**Work instructions:** Please return the full listing exactly as written, with the images removed.

**Information shown:**
=====

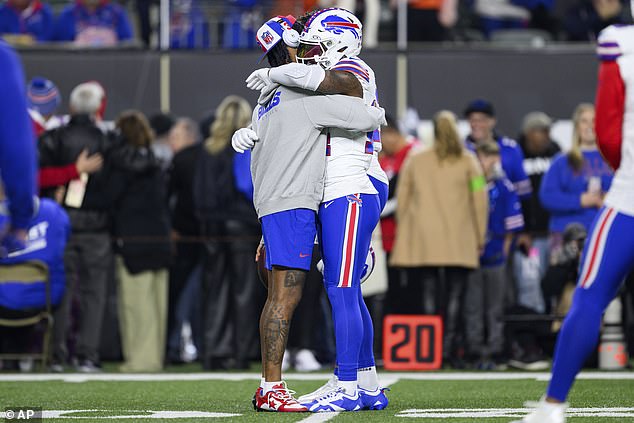 Buffalo Bills safety Damar Hamlin (3) hugs Buffalo Bills wide receiver Stefon Diggs on Sunday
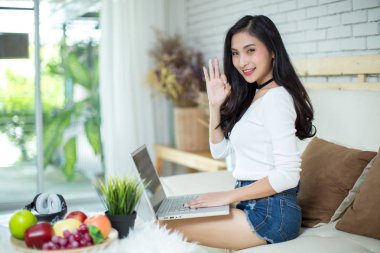 Genç ve güzel bir kadın evde dizüstü bilgisayar kullanıyor..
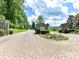 Elegant gated entrance of the Sisters neighborhood featuring stone pillars and landscaping at 164 Twin Sisters Ln, Mooresville, NC 28117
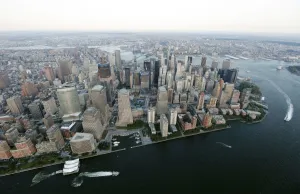 <b class=qtipBold><figcaption>GM1E78P18ET01</figcaption></b><br>The under-construction One World Trade Center stands over the World Trade Center construction site and the National September 11 Memorial and Museum in New York's Lower Manhattan August 24, 2011. New York will mark the 10th anniversary of the attack on the World Trade Center with ceremonies on September 11, 2011. REUTERS/Lucas Jackson (UNITED STATES - Tags: ANNIVERSARY CITYSCAPE BUSINESS CONSTRUCTION DISASTER) GM1E78P18ET01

=====

**Written response:**
 Buffalo Bills safety Damar Hamlin (3) hugs Buffalo Bills wide receiver Stefon Diggs on Sunday
 Genç ve güzel bir kadın evde dizüstü bilgisayar kullanıyor..
 Elegant gated entrance of the Sisters neighborhood featuring stone pillars and landscaping at 164 Twin Sisters Ln, Mooresville, NC 28117
 <b class=qtipBold><figcaption>GM1E78P18ET01</figcaption></b><br>The under-construction One World Trade Center stands over the World Trade Center construction site and the National September 11 Memorial and Museum in New York's Lower Manhattan August 24, 2011. New York will mark the 10th anniversary of the attack on the World Trade Center with ceremonies on September 11, 2011. REUTERS/Lucas Jackson (UNITED STATES - Tags: ANNIVERSARY CITYSCAPE BUSINESS CONSTRUCTION DISASTER) GM1E78P18ET01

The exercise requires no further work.